AVAILABLE DATA:
* * * * * * *
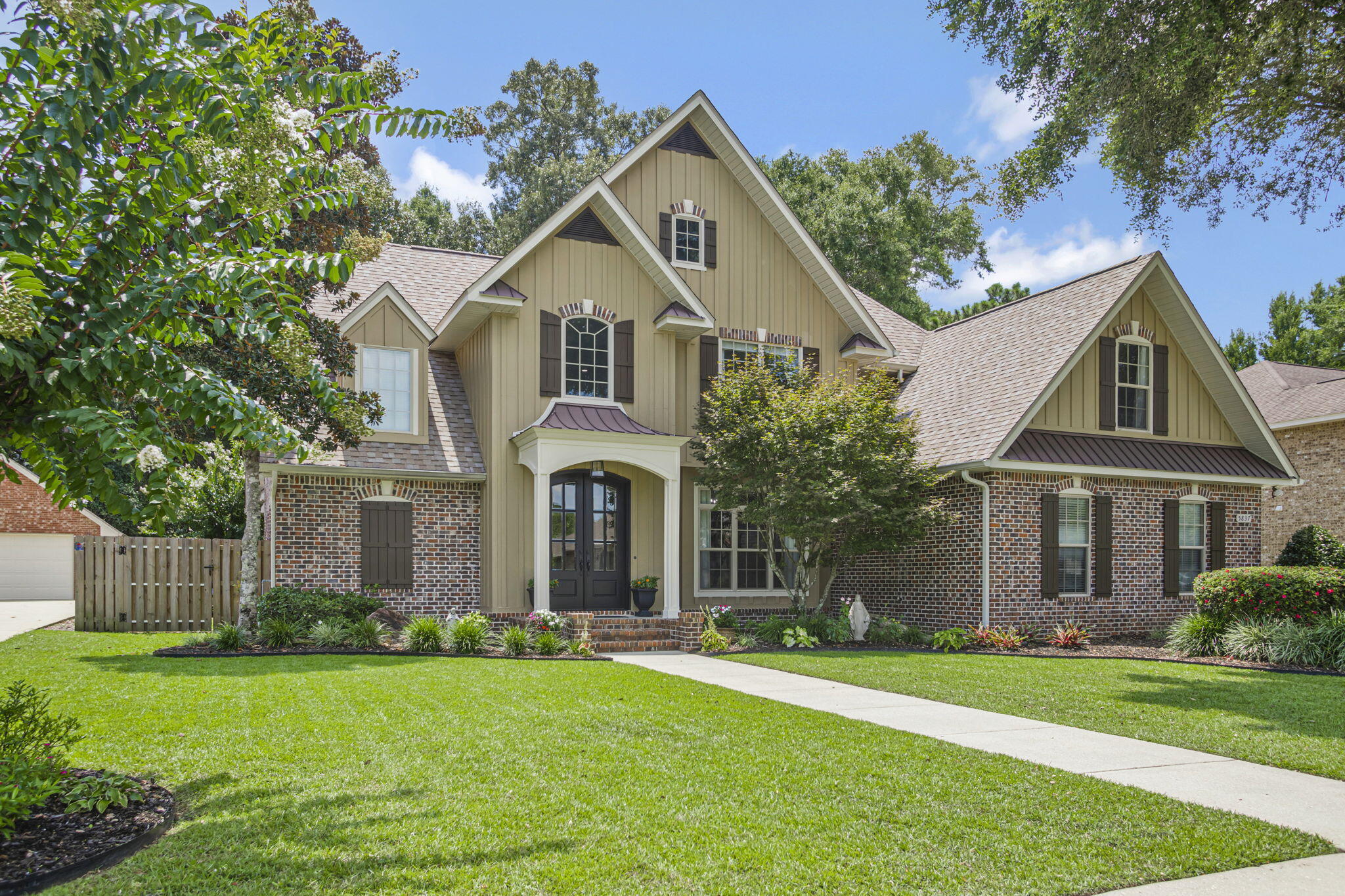 NATURES TRAIL - Residential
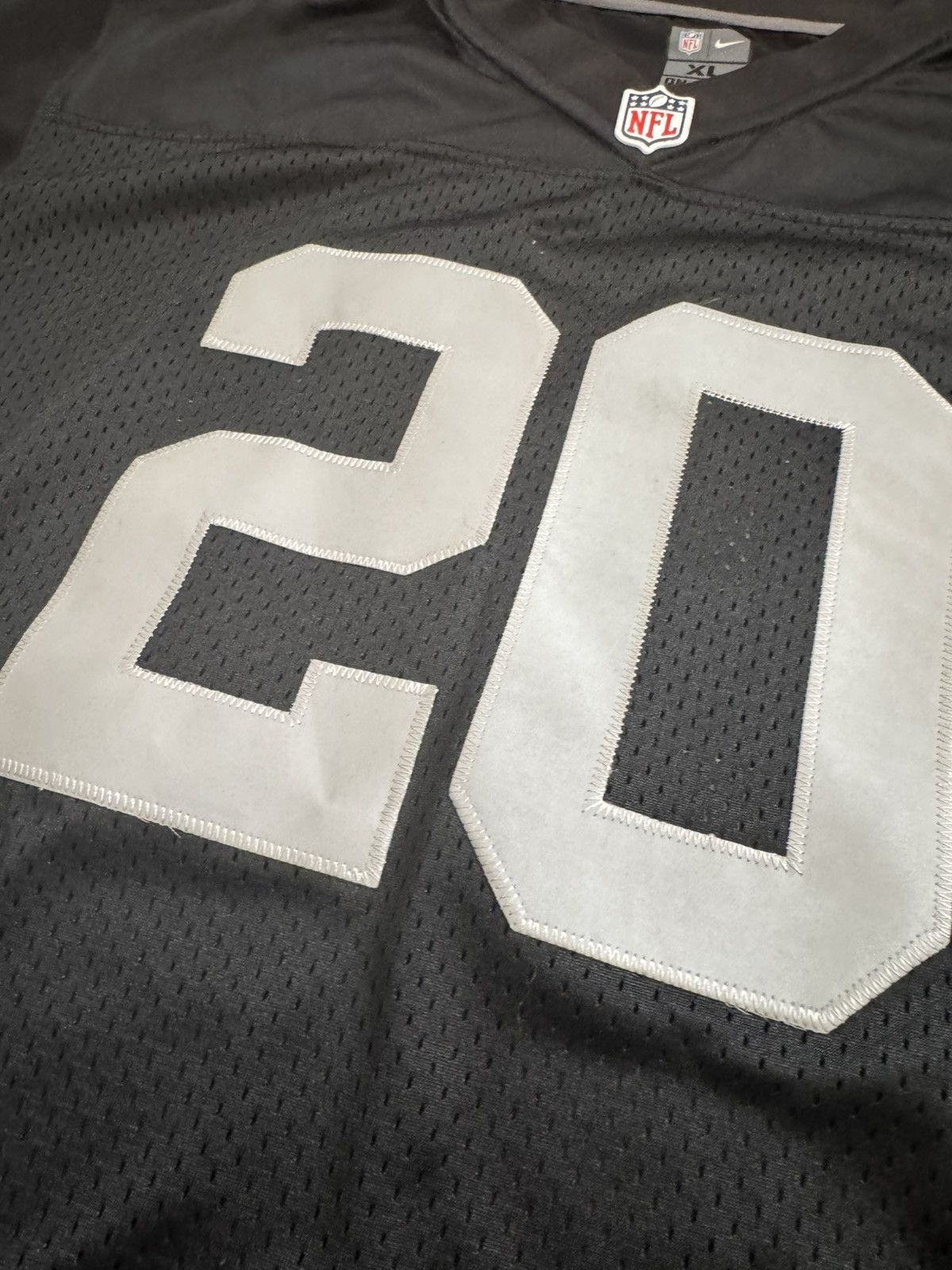 Nike Youth XL Nike Oakland Raiders #20 Darren McFadden Stitched Size US XL / EU 56 / 4 - 3 Thumbnail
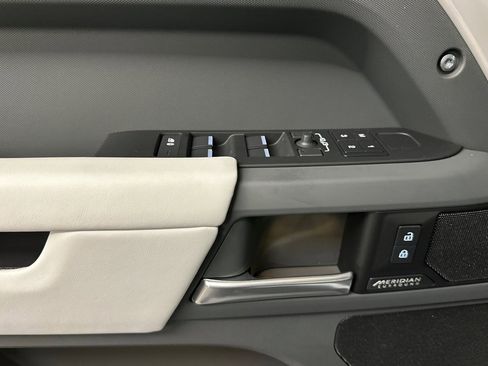 New 2026 Land Rover Defender 110 X-Dynamic SE image 15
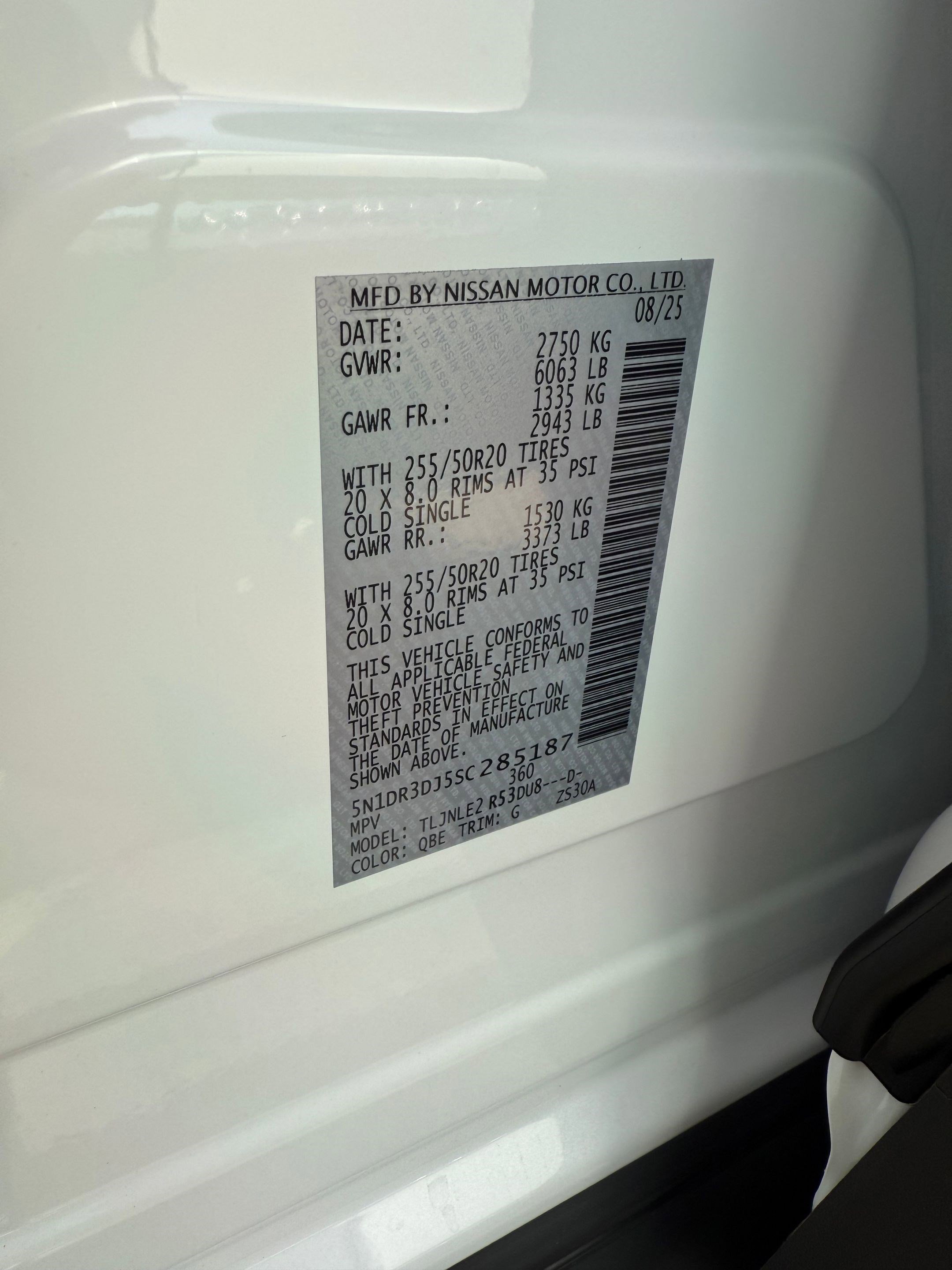 2025 Nissan Pathfinder Platinum photo 19
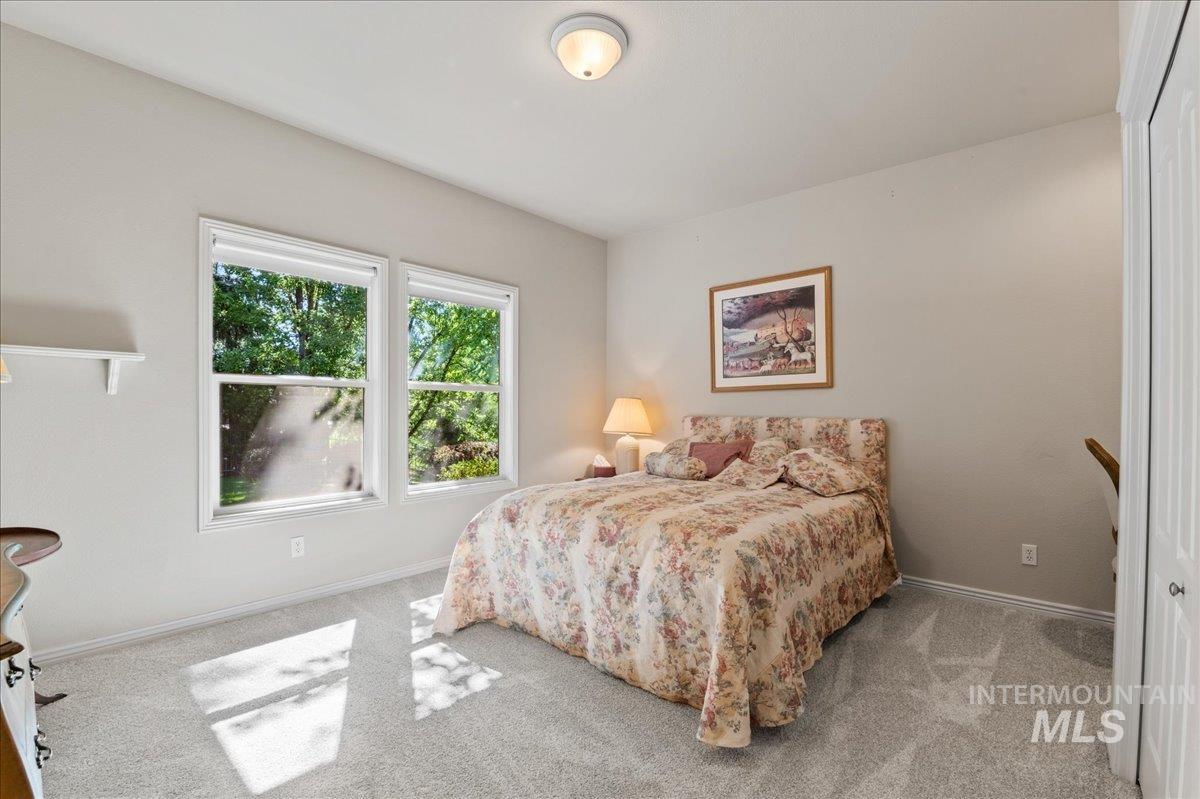 481 E Mapleside Court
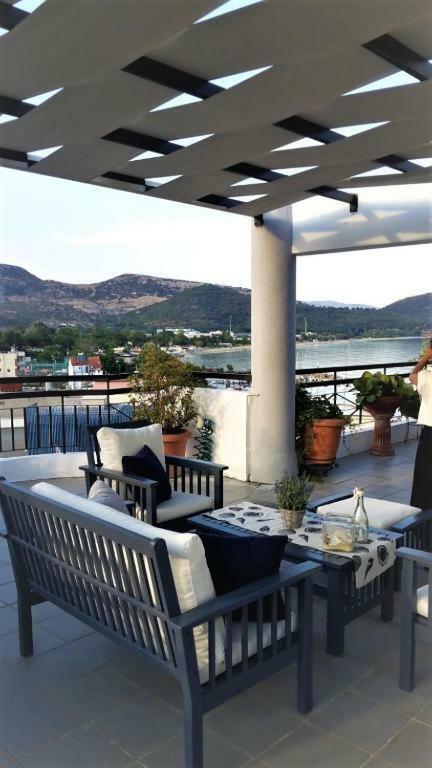 Port View Suites 2 Kavala Exterior photo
* * * * * * *
TASK GOAL: Copy out the entries above in full and exactly, skipping every picture.

RESPONSE:
 NATURES TRAIL - Residential
 Nike Youth XL Nike Oakland Raiders #20 Darren McFadden Stitched Size US XL / EU 56 / 4 - 3 Thumbnail
 New 2026 Land Rover Defender 110 X-Dynamic SE image 15
 2025 Nissan Pathfinder Platinum photo 19
 481 E Mapleside Court
 Port View Suites 2 Kavala Exterior photo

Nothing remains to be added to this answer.